Senior Congress leader Mallikarjun Kharge criticised the gesture. Immediately, party colleague Sanjay Nirupam called him an atheist and said he supported Rajnath Singh’s act during the “shastra puja” he performed. Now what was the Congress’s official position? By the time that became somewhat clear, the damage had already been done. Sources in the party said the Congress could not support the Kharge line as most Hindus had faith in the tradition and many Congress leaders had practised it too.

This is where the BJP stole a march. The party swiftly tweeted images of Prime Minister Indira Gandhi carrying out a similar ritual. It was almost two hours later that the Congress pulled out an old soundbite of Narendra Modi deriding the “superstitious” practice using lemons. But, by then, the BJP had managed to capture the conversation. When finally the Congress carried out a press conference, its response was meek and its discomfort evident. “We think such issues are irrelevant and don’t want to engage in them,” said the party.

The more recent fracas occurred when leader of the United Kingdom’s opposition Labour Party Jeremy Corbyn said he had met a delegation of the overseas arm of the Congress to discuss human rights violations in Kashmir. For the BJP, this was a godsend. When the Congress was alerted to the developments, the party appeared clueless about who the members of the delegation were. The BJP tried to clear up the confusion by releasing pictures of Kamal Dhaliwal, who heads the UK chapter of the Indian Overseas Congress (IOC), with Corbyn and also with Rahul Gandhi and Manmohan Singh at different times.

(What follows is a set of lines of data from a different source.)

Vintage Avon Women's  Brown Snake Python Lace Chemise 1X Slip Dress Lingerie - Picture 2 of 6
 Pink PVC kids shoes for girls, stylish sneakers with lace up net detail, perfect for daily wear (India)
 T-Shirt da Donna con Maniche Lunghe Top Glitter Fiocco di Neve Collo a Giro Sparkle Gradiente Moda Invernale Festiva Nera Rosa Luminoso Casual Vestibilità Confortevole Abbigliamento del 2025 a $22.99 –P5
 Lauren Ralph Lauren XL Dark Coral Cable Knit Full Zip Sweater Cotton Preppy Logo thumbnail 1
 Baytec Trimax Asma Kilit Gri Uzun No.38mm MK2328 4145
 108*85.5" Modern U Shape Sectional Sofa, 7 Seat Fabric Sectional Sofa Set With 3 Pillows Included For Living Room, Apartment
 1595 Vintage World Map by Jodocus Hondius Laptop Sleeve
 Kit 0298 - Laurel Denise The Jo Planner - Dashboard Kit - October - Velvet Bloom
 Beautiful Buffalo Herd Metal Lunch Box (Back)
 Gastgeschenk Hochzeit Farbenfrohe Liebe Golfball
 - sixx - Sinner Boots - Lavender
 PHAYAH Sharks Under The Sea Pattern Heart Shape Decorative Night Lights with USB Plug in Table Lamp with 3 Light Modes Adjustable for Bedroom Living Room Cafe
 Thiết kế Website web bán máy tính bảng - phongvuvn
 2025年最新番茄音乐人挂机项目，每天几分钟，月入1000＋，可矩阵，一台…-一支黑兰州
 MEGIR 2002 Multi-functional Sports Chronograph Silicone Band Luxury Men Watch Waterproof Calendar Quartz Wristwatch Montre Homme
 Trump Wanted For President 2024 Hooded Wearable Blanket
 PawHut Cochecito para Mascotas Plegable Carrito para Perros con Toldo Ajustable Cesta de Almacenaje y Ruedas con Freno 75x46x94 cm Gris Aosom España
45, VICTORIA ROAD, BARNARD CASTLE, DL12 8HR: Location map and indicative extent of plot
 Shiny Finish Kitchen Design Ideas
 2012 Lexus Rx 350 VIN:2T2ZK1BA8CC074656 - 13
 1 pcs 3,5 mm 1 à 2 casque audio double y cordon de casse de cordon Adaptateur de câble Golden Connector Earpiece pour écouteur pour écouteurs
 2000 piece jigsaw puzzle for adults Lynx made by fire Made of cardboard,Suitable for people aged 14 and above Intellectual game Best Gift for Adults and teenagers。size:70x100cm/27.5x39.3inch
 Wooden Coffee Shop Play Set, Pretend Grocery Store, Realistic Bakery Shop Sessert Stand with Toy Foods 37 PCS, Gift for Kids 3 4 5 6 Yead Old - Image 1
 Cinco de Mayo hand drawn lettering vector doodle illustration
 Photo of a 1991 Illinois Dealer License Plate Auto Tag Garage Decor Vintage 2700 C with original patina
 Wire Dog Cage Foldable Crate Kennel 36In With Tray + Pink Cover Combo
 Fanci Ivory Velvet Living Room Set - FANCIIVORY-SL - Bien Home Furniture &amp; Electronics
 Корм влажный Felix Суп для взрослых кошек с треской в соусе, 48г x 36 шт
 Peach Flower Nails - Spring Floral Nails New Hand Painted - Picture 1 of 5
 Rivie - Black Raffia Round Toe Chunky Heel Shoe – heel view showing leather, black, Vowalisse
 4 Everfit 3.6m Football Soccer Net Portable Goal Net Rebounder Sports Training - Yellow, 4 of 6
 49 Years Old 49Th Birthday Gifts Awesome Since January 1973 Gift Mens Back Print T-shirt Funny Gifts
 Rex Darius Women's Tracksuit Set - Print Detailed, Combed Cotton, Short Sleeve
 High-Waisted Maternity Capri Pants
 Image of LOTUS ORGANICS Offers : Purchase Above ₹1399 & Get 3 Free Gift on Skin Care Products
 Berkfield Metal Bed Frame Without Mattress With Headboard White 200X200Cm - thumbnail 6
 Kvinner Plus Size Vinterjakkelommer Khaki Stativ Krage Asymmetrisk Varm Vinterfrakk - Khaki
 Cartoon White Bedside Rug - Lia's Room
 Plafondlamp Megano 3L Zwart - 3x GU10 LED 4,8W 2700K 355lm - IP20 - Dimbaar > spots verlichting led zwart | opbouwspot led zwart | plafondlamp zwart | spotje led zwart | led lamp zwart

The damage was done and the Congress was left fumbling for a face-saver. Sam Pitroda, chairman of the IOC, stays abroad and it took a while for the party to contact him and find out the facts. The Congress distanced itself from the IOC, but for the BJP and the press another controversy ringing the opposition party was born.

The communication gap becomes more apparent when one considers the fact that the Congress media department has been almost headless for a while, with Randeep Singh Surjewala focused on next week’s Haryana elections. The media wing is now being run by a handful of young, enthusiastic workers but there is no clarity yet on who will head the department which has, of late, had a lot of firefighting to do.

The Congress has come into its own as far as social media is concerned and its aggression is most visible online. But, as a senior Congress leader said: “In politics, it’s important to be heard and seen. The BJP plays mind games and unleashes its best and most aggressive to attack the Gandhis. Congress needs to catch up.”

The boycott of television news channels by the Congress since the Lok Sabha polls in not helping matters. Some within the party feel that this “ban” must be lifted so that the official Congress voice can be heard far and wide. The party has several young and articulate voices, but they are getting lost in the din of confusion.